Instructor Ralph Canto, 73, said the students “can learn the trade … and then they can produce things for themselves.”
And the third instructor of the shed program, Kainoa Mahoe, was a student in the second week of the class a year ago despite having worked in the construction industry for years.
“At first, I just wanted to come in and kind of polish my skills,” he said.
But after seeing what the program was all about, he volunteered about 15 to 20 times before being hired as an instructor in February.
“Once I found out that all this work that we’re putting in, it’s going to Lahaina and Kula wildfire victims, that made me feel really good about it,” he said.

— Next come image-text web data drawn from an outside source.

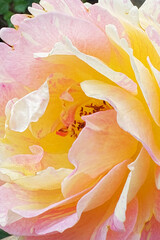 Close up of a rose flower head in orange color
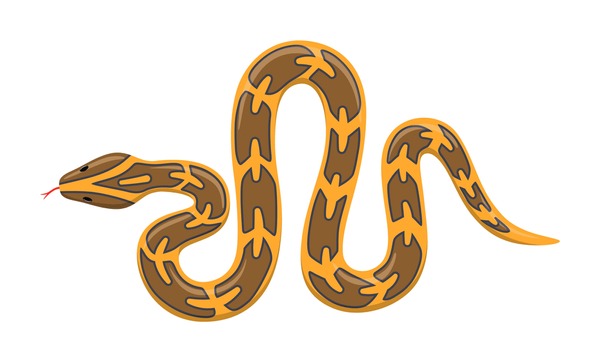 Burmese Python Drawing Image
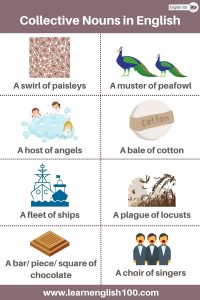 The Ultimate Guide To Collective Nouns in English: Everything You Need ...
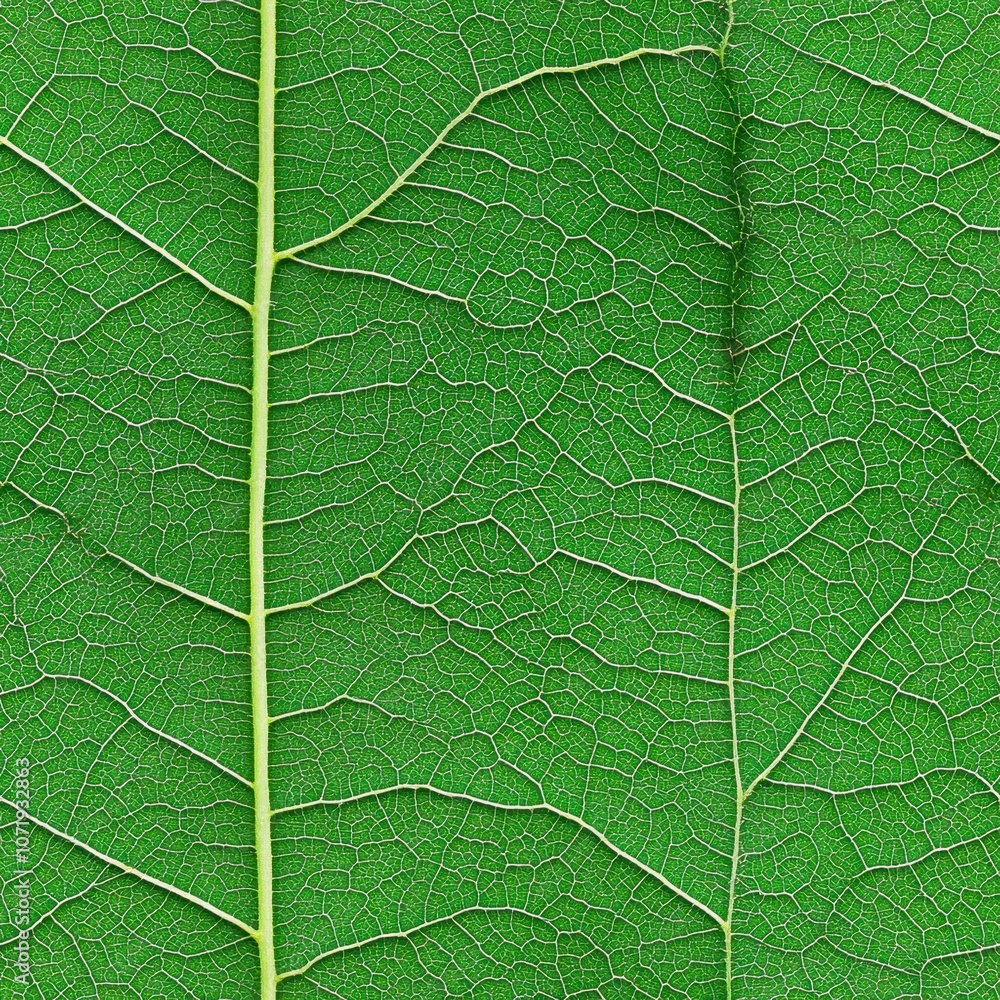 Fototapeta premium Leaf texture close-up, showcasing intricate vein patterns.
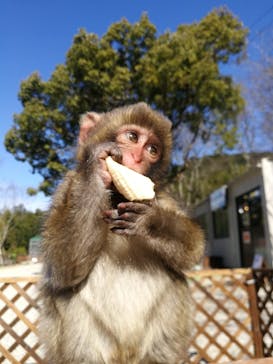 しろとり動物園に投稿された画像（2020/1/19）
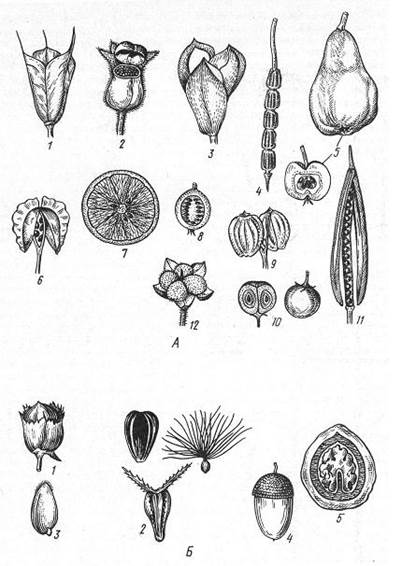 морфология и классификация плодов - student2.ru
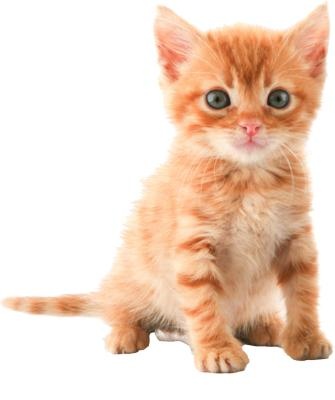 猫png图像,免费下载图片,小猫免抠(726x372)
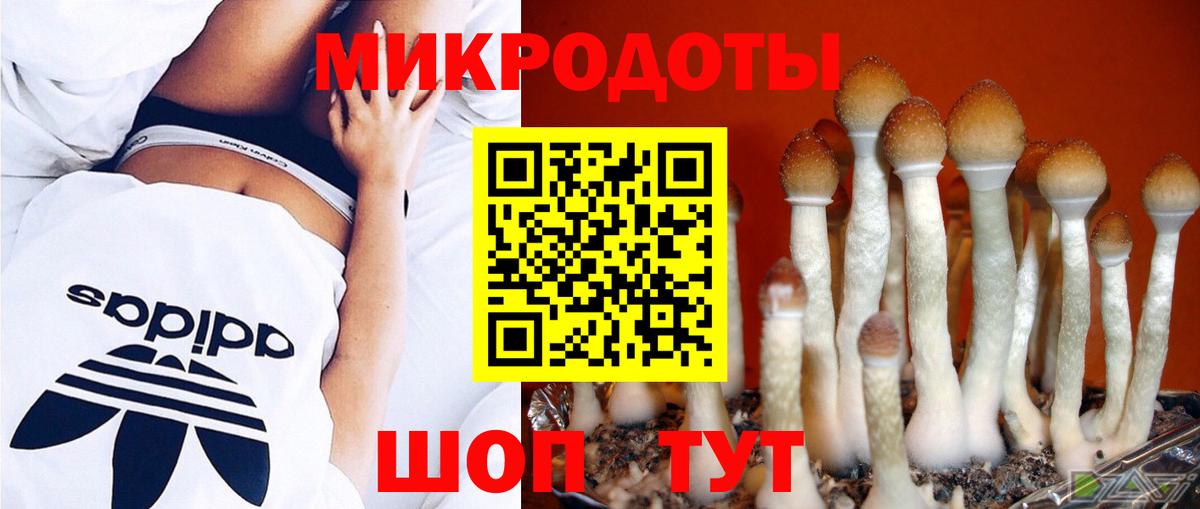 Галлюциногенные грибы мухоморы Елец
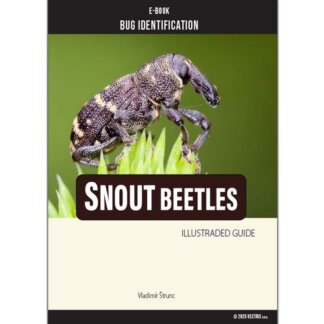 Bug Identification Snout Beetle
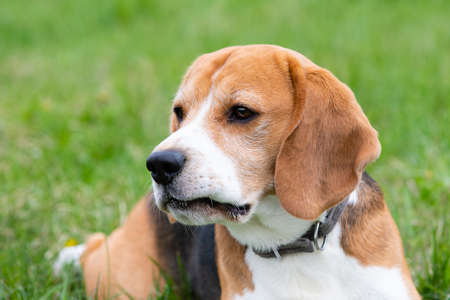 A young beagle lies on the green grass.の写真素材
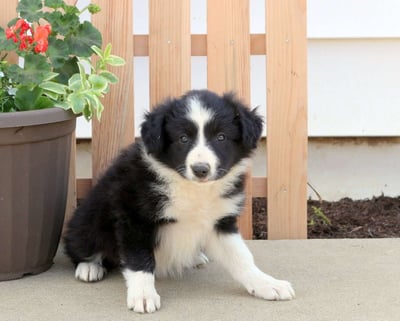 Border Collie Puppies for Sale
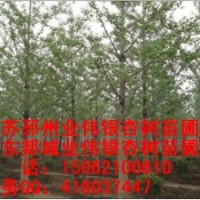 銀杏樹苗木銷售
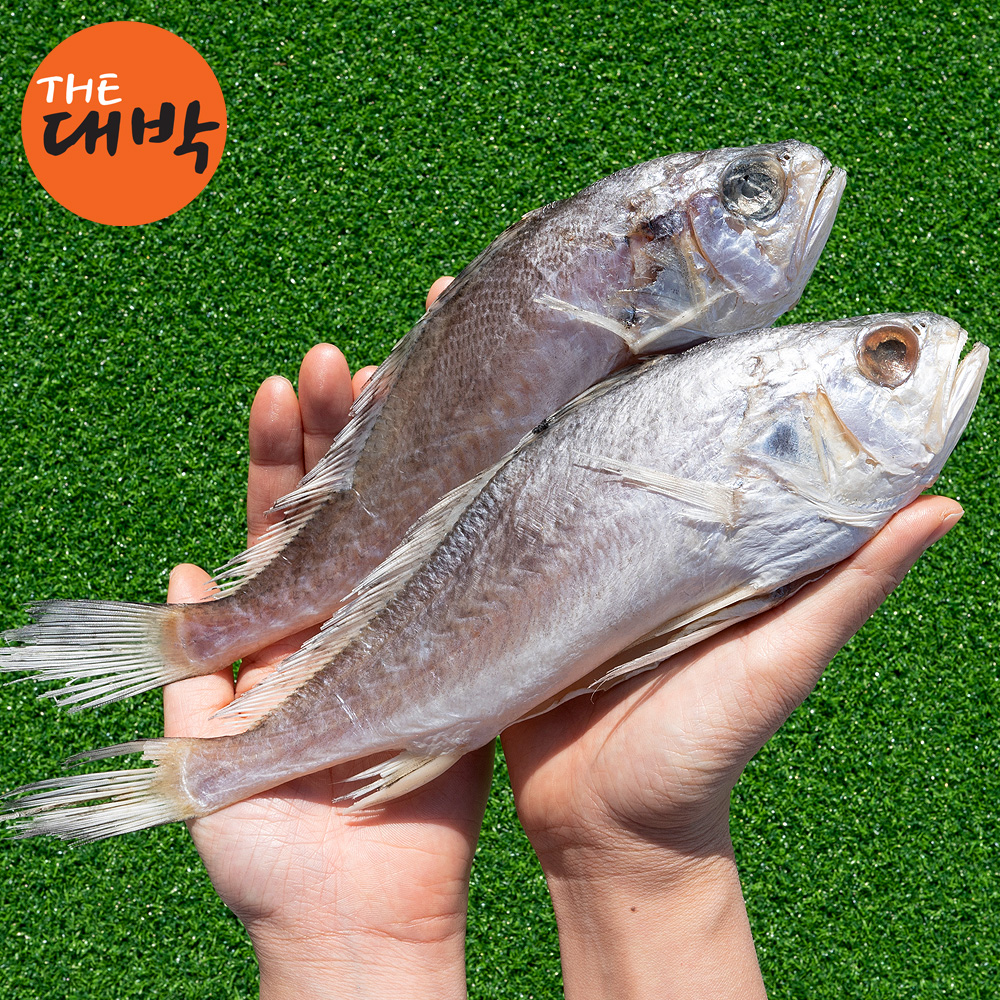 반건조 생선 제수용생선 침조기 긴가이석태 보리굴비 영광굴비 선물세트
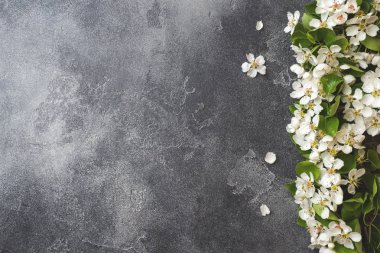 Gri beton arka plan üzerinde bahar çiçekli dal. Elma çiçekleri Kopyalama alanı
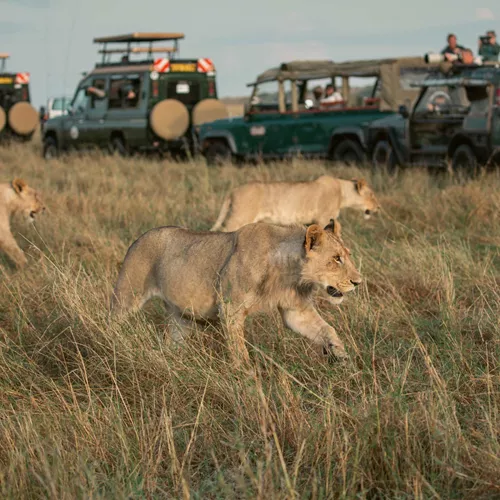 Kenya: Maasai Mara and Safari 35 to 45 Trip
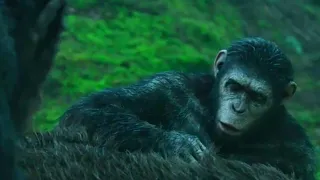 Koba Mata o Urso Para Salvar César | Planeta dos Macacos 2: O Confronto (2014) DUBLADO HD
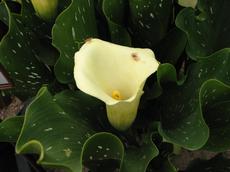 Kala ‘Captain Eskimo’ (Zantedeschia ‘captain Eskimo’)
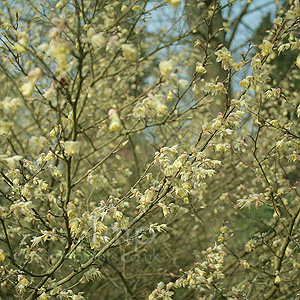 Corylopsis Pauciflora - Winter Hazel, Corylopsis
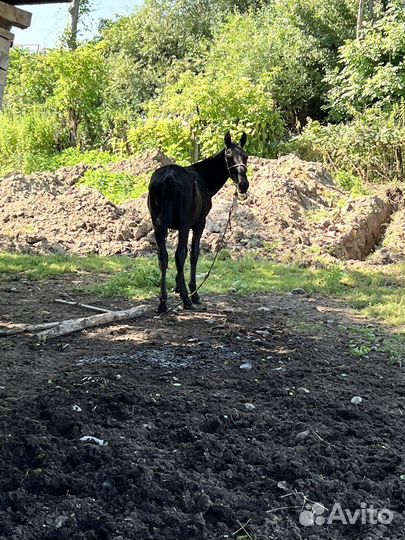 Жеребчик къ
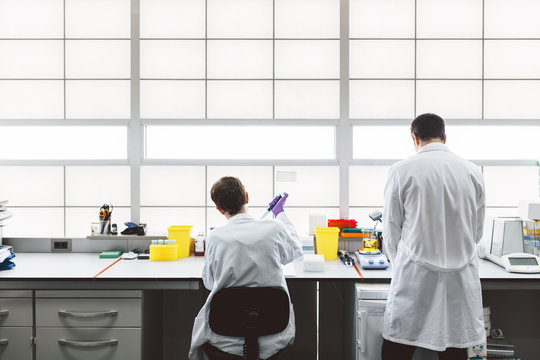 Biologists Working in a Professional Laboratory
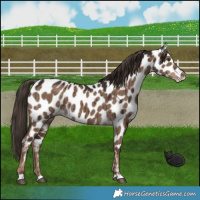 Horse Color:Liver Red Dun Near Leopard Brindle 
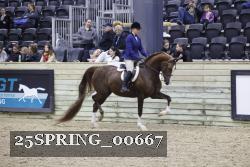 25SPRING_00667 thumbnail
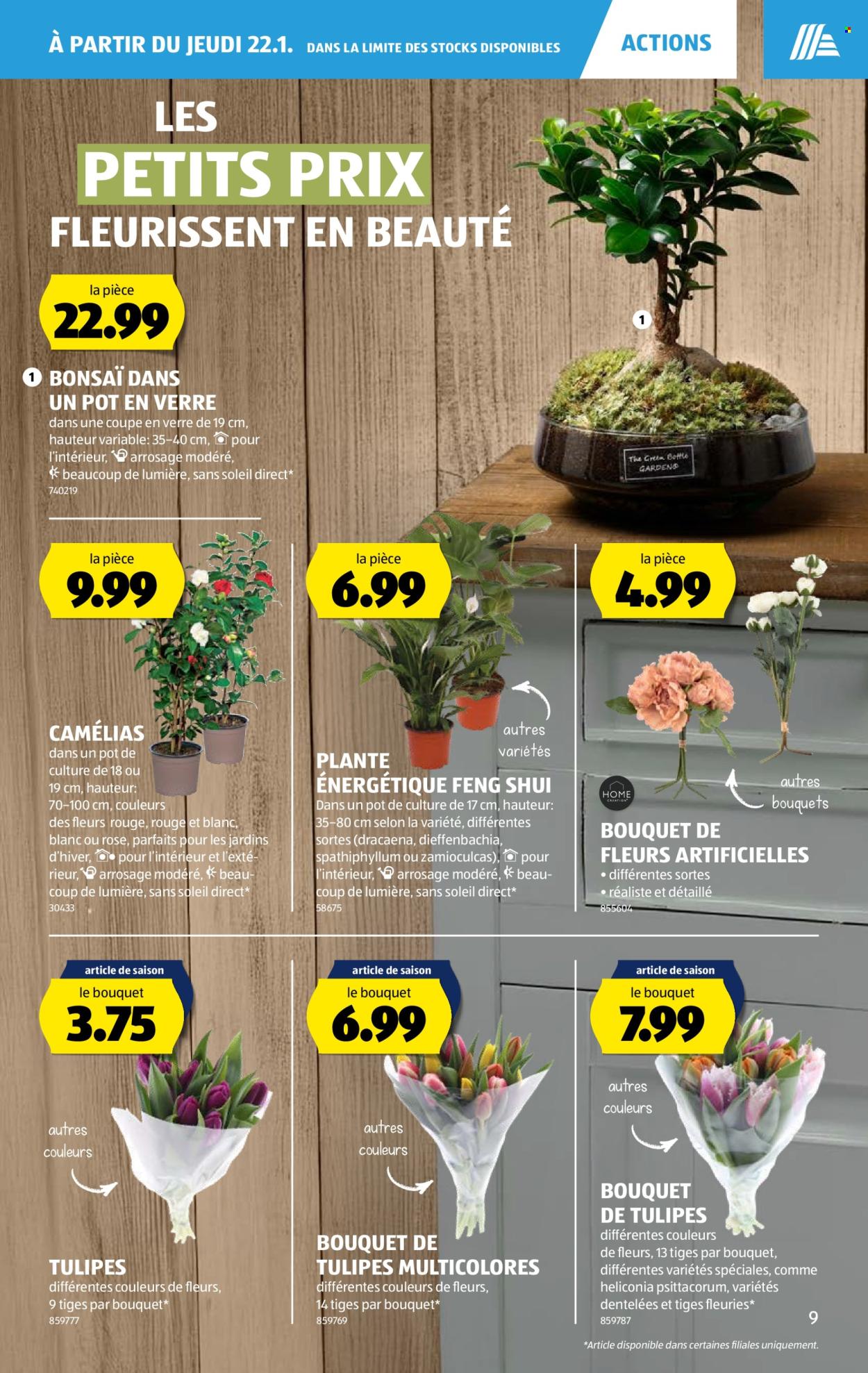 Volantino Aldi - 22.1.2026 - 28.1.2026. Pagina 9. Pagina 9
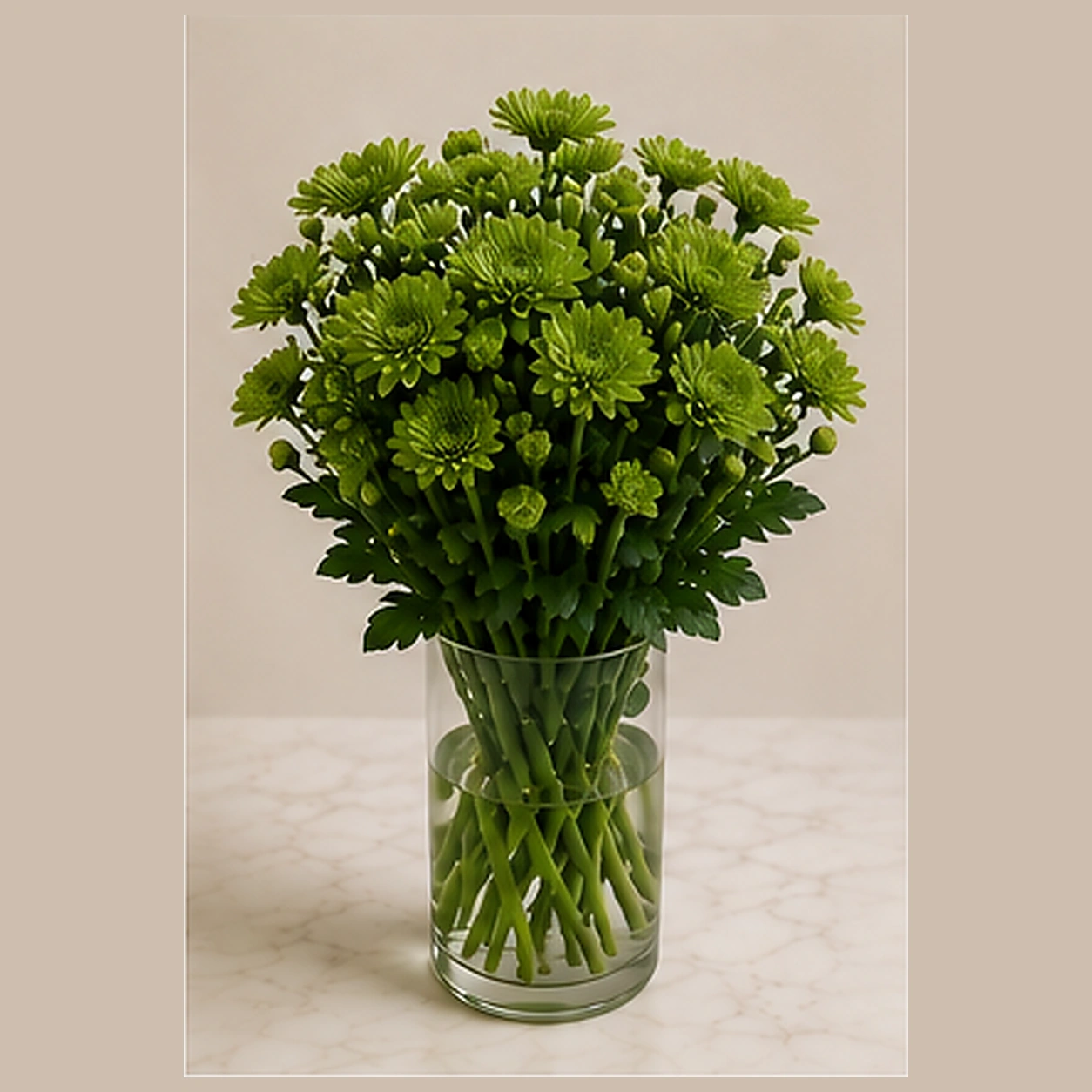 Хризантема куст зеленая Feeling Green Dark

Isaiah Goosby, a 19-year-old graduate of King Kekaulike High School in May, was one of two students taking the hale pāpa‘i one-week shed program that ended Friday. He worked closely with Mahoe all week after signing up for the class on advice from his sister Brooklyn, who previously had taken the class.
Each student is given a new tool belt filled with a hammer, tape measure and other items when they arrive Monday morning for the classes that run from 8 a.m. to 4:30 p.m.
“Anything that they offer, I want to take advantage of and just learn the different tools, how to use them properly and just enjoy my time here as well,” Goosby said. “I look forward to signing up for another carpentry class and then also looking at the painting classes that they have.”
Goosby said he has “no idea” what he wants to do ultimately, “but I’m going to keep trying out things at this college.”
Darice and Louis Garcia and their 10-year-old daughter Kolokea, a fifth-grader at King Kamehameha III, were touched as they watched workers from Wide Open Construction use a forklift to place the shed in a tight space between a rock wall and their house.
Arakawa, like most of the students and instructors, does not know where the sheds are headed when they are put on the truck each Thursday. But she said it warms her heart to know she is helping people in need.
“The first time I saw the shed go onto the truck — I was here for two of them — that was the most happiest, satisfying feeling ever,” Arakawa said. “You just want to see some more go on the truck and you want to keep coming back and give back to the community, so that’s kind of what drives me … to keep doing this for the community.”